How people's attention flows on the web
16 September 2012
Everyone in search is by now aware that certain social signals are well-correlated with rankings. I wanted to see if it was actually plausible for these correlations to arise without social signals being a direct ranking factor.
A lot of SEO practitioners are touting the notion that social signifiers, i.e. ‘likes’, ‘shares’, etc. are also signals that are picked-up by search engine ranking algorithms. The argument is that these are more reliable indicators of popularity than links as it is likely that a real person is behind each signal. However, actual evidence that these ‘social signals’ cause fluctuations in rankings is non-existent.
I meant to highlight this post this last month as it is excellent - have a read to review the difference between causation and correlation as well as to assess the alternative explanations of what may be going on.
The way I look at this is that I understand the search engine algorithm to be a black box. I can see certain inputs I believe to affect the output but I have a hard time confirming the relative importance of these inputs. Over time, I believe that these signals have become more complicated, that the black box itself includes historical data that it has collected that it uses in its evaluation. I also believe that it is likely that the application of the algorithm is non-uniform - that is to say that certain factors are likely to affect the relative importance of other factors in the results on a case-by-case basis.
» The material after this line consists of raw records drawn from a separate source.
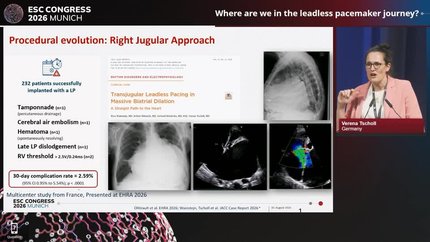 The next era of cardiac rhythm management: what is new in 2026?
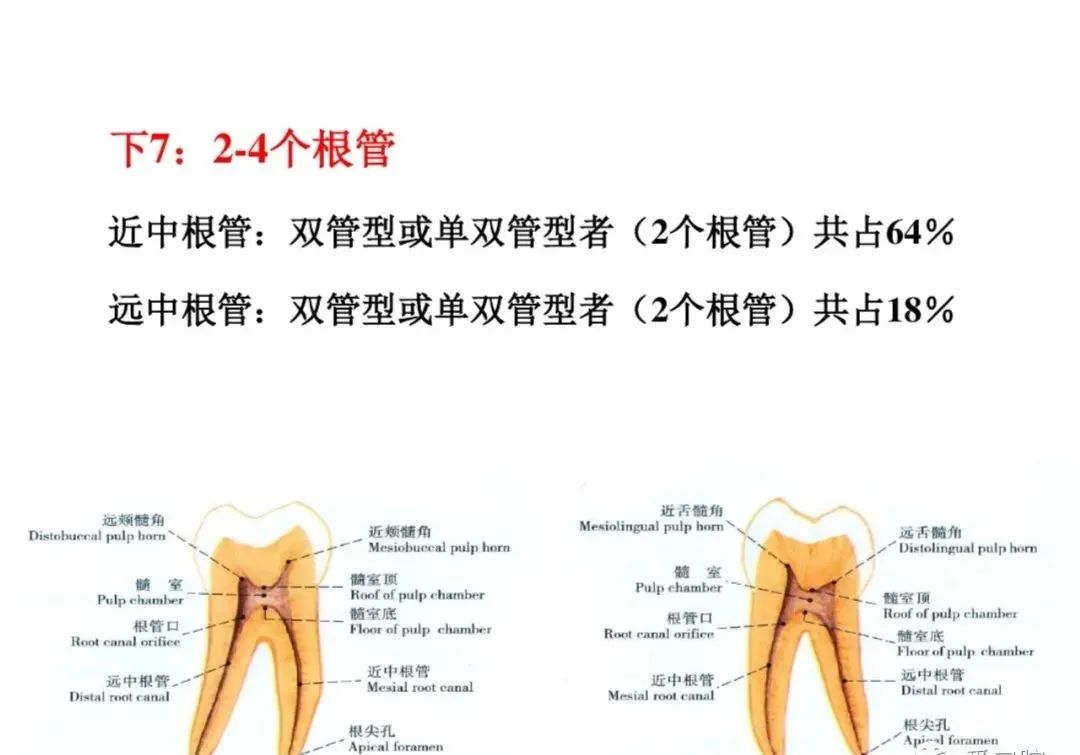 盘点磨牙开髓的方法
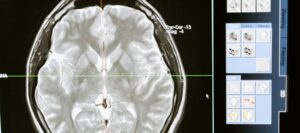 MRI scan of the brain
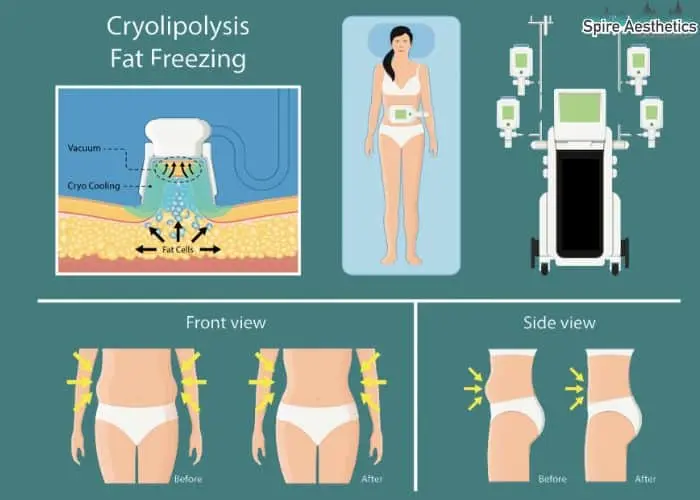 Fat freezing treatment Swansea benefits for competitions to remove stubborn fat deposits.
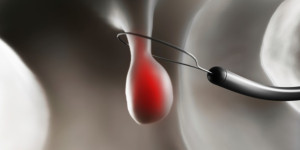 Beitragsbild des Blogbeitrags Koloskopie-Screening ist weniger wirksam, um zu verhindern, dass Patienten an Darmkrebs sterben
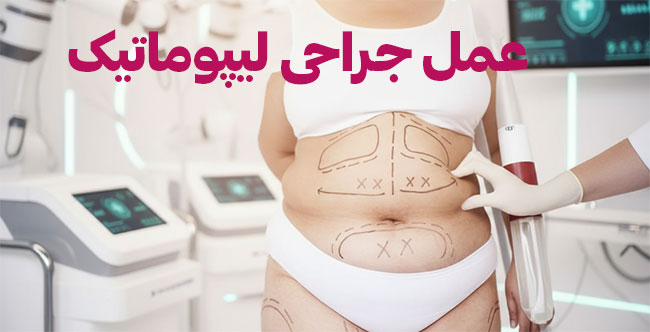 عمل-جراحی-لیپوماتیک لیپوماتیک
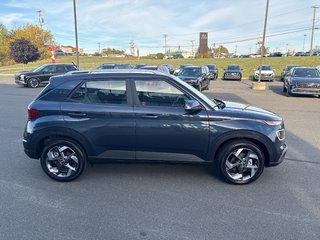 2026 Hyundai Venue Ultimate IVT w/Denim Interior in Bathurst, New Brunswick - 4 - w320h240px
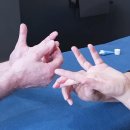 손가락이 점점 굽어진다면? 듀피트렌 구축 마사지·스트레칭 접근법. 이미지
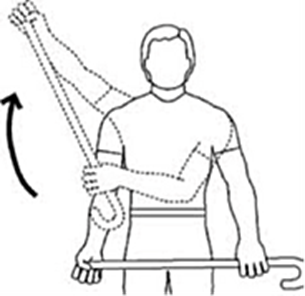 A diagram of a an individual using a (walking) stick to lift affected arm up and out to the side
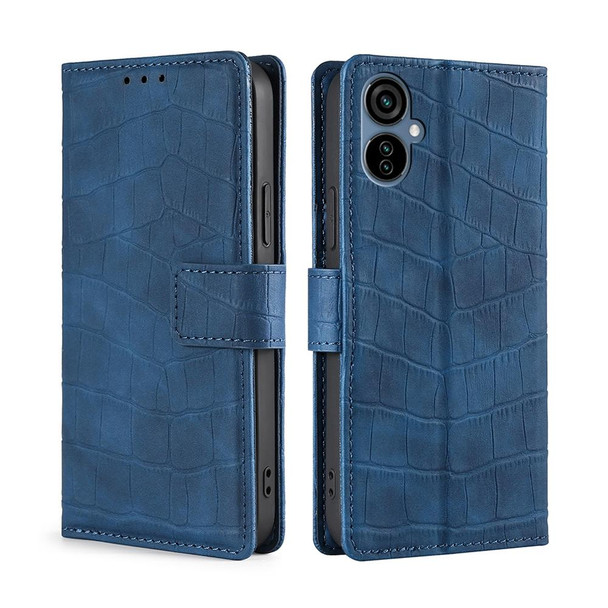 For Tecno Camon 19 Neo Skin Feel Crocodile Magnetic Clasp Leatherette Phone Case(Blue)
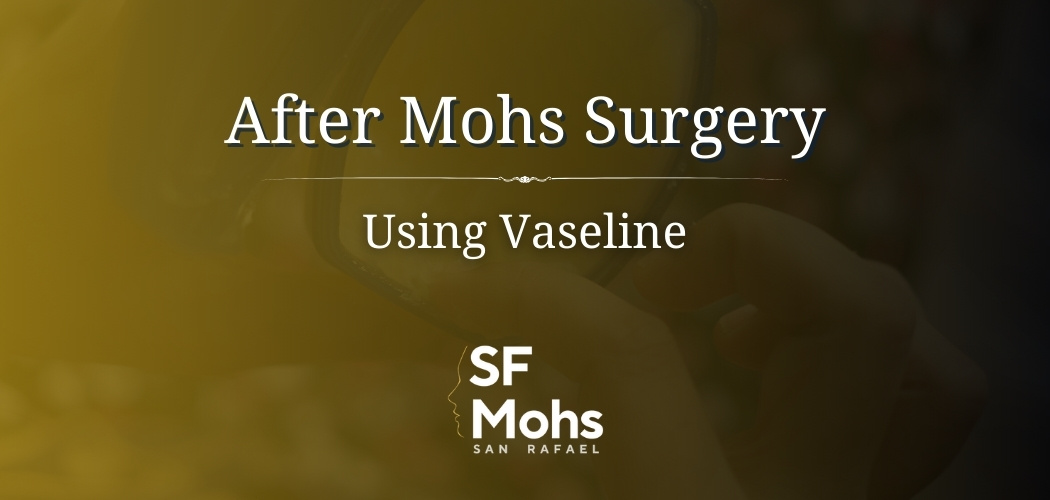 Using Vaseline After Mohs Surgery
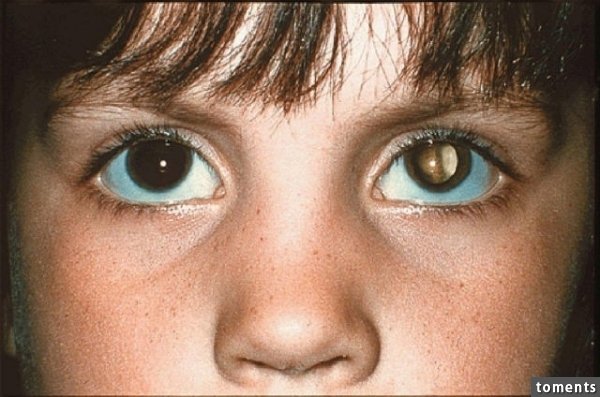 男性的尿液如果在測孕棒上顯示是兩條線的話，絕對不是懷孕了！趕快去看醫生吧～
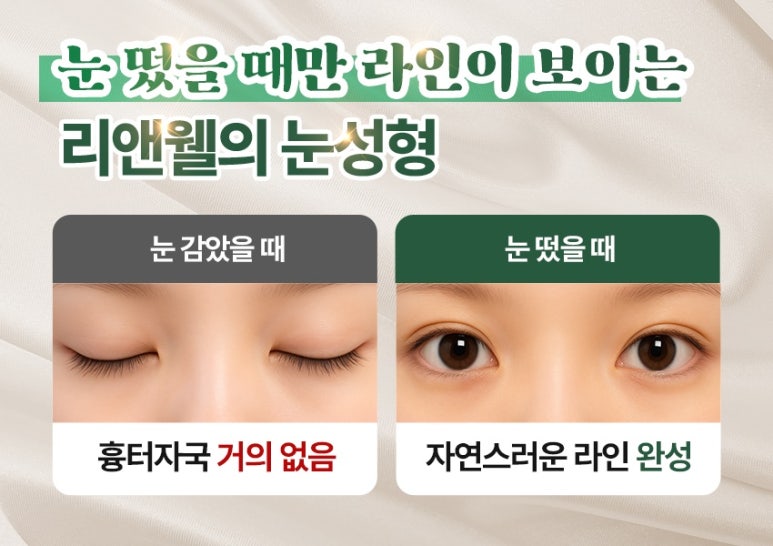 역삼역눈재수술 눈수술 후 후회된다면, 재수술 전에 꼭 읽어보세요 관련 이미지 4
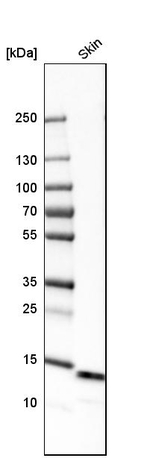 Galectin 7 Antibody in Western Blot (WB)
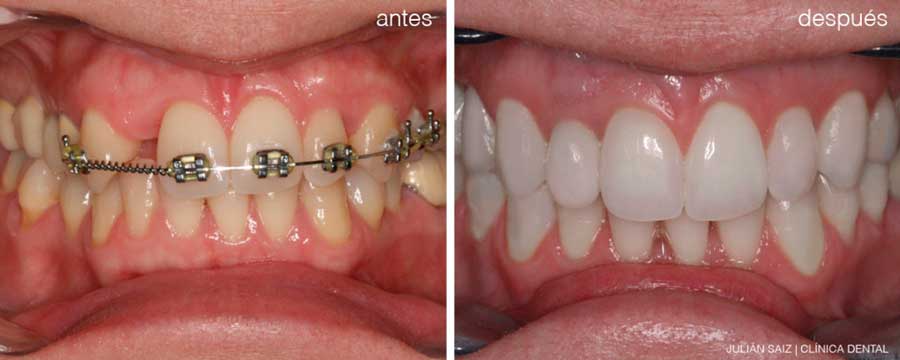 Implantes dentales y ortodoncia | Julián Saiz Clínica Dental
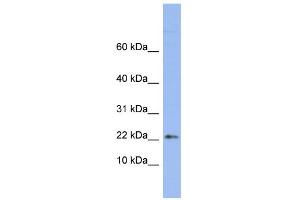 WB Suggested Anti-RPS24 Antibody Titration:  0. (RPS24 抗体  (Middle Region))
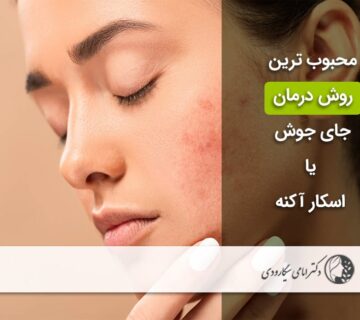 بهترین روش درمان جای جوش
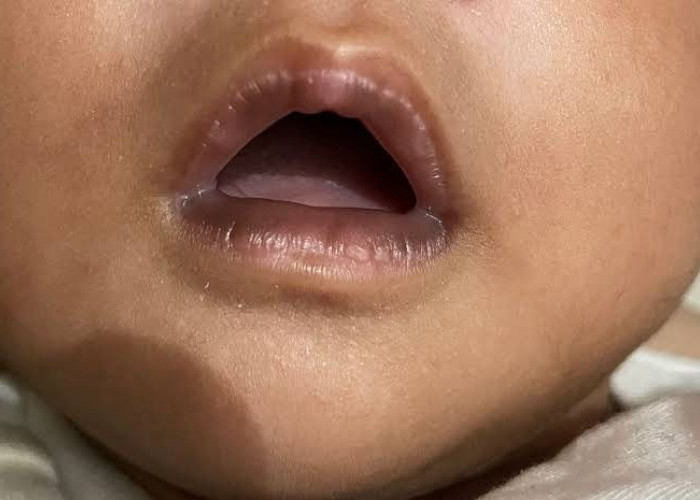 Bibir Bayi Hitam Sejak Lahir? Begini Cara Mengatasinya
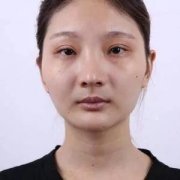 上海华美李志海下颌角＋颧骨内推＋怎么样？案例分享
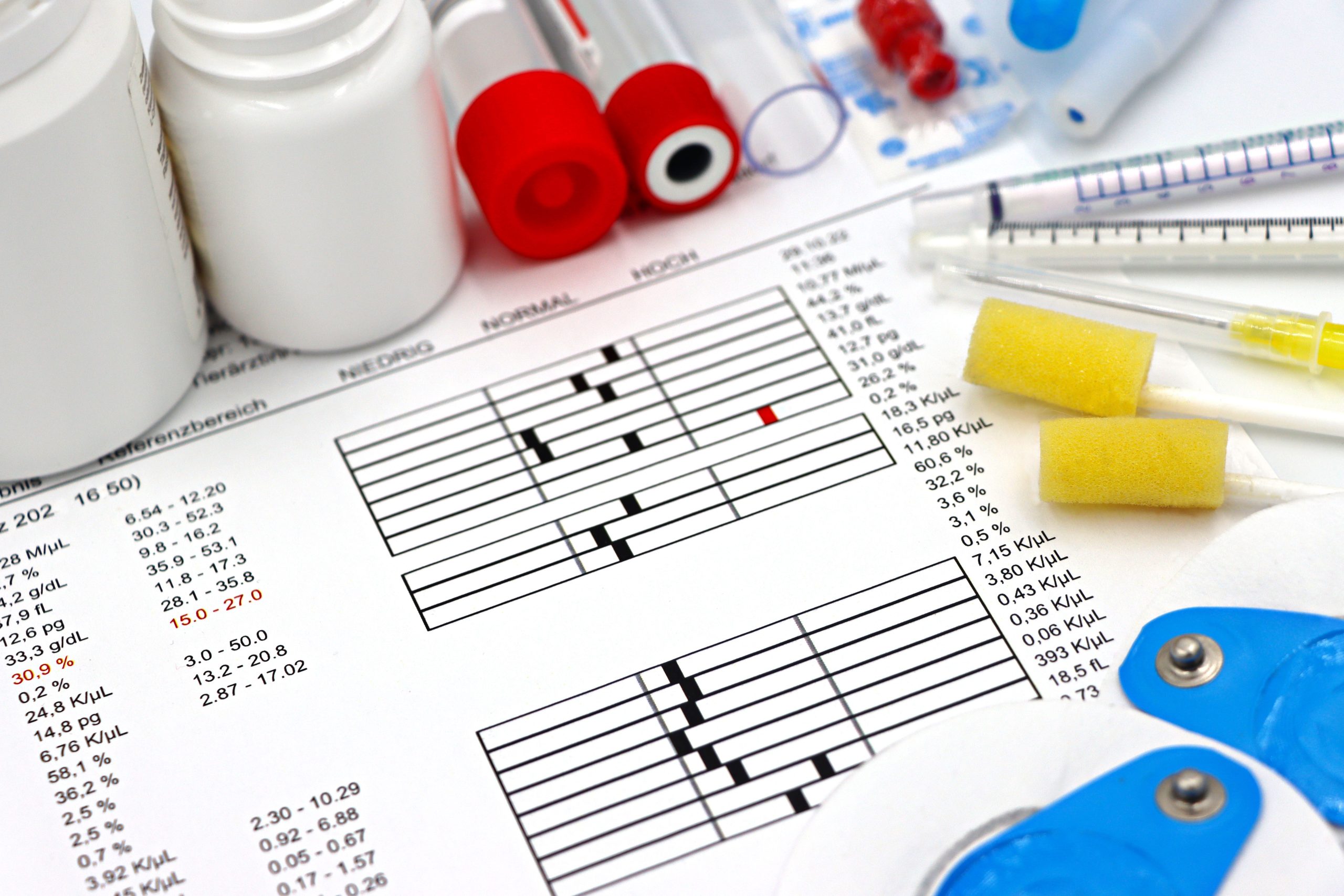 Arrangement of medical equipment, lab tests, and health data on a clinical table. Disposition d'équipements médicaux, de tests de laboratoire et de données de santé sur une table clinique.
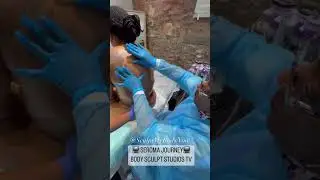 FOLLOW HER SEROMA JOURNEY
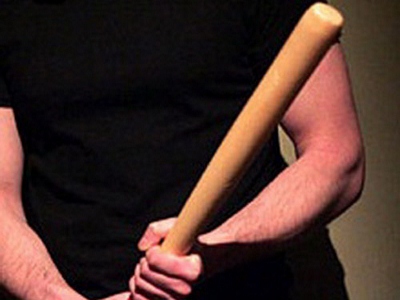 Dhunohet me shkop bejsbolli shefi i burgut 313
‘Social signals’ are by their nature ephemeral. If I was trying to return relevant results then of course I would consider these signals as potentially useful, say in combination with number-of-searches and other factors. However, the effect of these signals would be time-limited as the momentum behind them would be an indicator of whether people’s attention is staying with the topic or moving on to something new. For example, an affect of a decaying signal might be to ‘turn-down’ the similar results displayed as interest wanes. What concerns me is the implication that these signals replace links as a permanent signifier of relevance.